**Task statement:** Which lines of the records below contain the word "image"? Copy each of them out.

**** Supplied information

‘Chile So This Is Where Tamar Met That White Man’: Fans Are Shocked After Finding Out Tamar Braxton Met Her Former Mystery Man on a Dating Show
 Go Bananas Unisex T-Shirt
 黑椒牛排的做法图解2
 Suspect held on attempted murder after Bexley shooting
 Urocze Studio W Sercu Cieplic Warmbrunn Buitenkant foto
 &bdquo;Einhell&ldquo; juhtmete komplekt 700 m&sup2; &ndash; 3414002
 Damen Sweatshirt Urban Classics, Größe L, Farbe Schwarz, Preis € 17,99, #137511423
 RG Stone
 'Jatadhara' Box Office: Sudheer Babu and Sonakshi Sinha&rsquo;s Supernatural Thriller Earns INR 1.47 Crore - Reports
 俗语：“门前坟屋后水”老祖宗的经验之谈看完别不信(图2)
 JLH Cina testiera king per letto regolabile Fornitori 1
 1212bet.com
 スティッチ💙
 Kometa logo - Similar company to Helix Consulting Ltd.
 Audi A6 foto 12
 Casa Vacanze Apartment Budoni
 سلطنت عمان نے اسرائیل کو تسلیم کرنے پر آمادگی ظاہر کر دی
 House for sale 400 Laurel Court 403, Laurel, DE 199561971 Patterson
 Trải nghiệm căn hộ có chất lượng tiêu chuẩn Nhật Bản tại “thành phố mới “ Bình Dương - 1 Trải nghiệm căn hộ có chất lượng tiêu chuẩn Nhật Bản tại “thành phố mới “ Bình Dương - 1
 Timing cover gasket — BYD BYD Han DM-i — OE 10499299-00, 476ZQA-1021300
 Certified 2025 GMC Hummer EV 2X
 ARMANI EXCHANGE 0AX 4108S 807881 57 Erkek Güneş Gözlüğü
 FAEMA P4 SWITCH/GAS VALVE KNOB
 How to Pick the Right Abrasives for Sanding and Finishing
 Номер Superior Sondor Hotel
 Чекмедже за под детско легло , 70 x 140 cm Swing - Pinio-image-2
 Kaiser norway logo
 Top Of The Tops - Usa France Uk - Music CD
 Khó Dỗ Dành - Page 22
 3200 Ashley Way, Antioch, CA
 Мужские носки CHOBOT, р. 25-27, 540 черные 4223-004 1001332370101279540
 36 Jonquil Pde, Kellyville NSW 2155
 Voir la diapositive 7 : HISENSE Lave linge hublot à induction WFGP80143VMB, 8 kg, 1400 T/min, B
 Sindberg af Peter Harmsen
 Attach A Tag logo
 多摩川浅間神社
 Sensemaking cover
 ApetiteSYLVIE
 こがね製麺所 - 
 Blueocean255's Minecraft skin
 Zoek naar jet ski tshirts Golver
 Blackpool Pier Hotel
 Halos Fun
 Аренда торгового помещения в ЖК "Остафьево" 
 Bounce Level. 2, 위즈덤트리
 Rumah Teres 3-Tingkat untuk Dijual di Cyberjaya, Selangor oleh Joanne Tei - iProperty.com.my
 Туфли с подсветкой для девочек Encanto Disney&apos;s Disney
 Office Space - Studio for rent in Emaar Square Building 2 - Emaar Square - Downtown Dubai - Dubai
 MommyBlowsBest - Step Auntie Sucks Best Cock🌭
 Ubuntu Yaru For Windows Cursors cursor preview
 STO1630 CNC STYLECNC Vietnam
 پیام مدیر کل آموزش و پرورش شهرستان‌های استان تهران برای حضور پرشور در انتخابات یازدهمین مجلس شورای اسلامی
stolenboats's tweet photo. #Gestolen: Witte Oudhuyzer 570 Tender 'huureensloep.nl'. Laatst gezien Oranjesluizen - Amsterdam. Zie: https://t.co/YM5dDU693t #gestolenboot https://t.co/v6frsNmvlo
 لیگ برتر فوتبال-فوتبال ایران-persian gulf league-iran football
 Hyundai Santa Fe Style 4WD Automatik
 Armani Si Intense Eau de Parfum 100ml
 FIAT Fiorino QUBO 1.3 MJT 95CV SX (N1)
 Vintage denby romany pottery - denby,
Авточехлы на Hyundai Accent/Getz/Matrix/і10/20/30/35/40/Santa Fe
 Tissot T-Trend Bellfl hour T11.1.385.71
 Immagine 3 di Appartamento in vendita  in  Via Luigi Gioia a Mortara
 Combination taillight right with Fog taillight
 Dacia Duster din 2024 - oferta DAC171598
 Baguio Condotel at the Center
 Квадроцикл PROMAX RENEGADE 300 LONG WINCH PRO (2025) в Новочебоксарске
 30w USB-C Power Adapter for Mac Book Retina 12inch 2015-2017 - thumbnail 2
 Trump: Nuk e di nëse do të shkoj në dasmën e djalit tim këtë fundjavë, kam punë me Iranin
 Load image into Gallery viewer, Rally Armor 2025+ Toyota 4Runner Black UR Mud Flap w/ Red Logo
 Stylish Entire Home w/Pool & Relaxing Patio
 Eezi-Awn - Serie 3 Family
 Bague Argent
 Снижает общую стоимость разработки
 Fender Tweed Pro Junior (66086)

********

**Exercise output:**
 Чекмедже за под детско легло , 70 x 140 cm Swing - Pinio-image-2
 Load image into Gallery viewer, Rally Armor 2025+ Toyota 4Runner Black UR Mud Flap w/ Red Logo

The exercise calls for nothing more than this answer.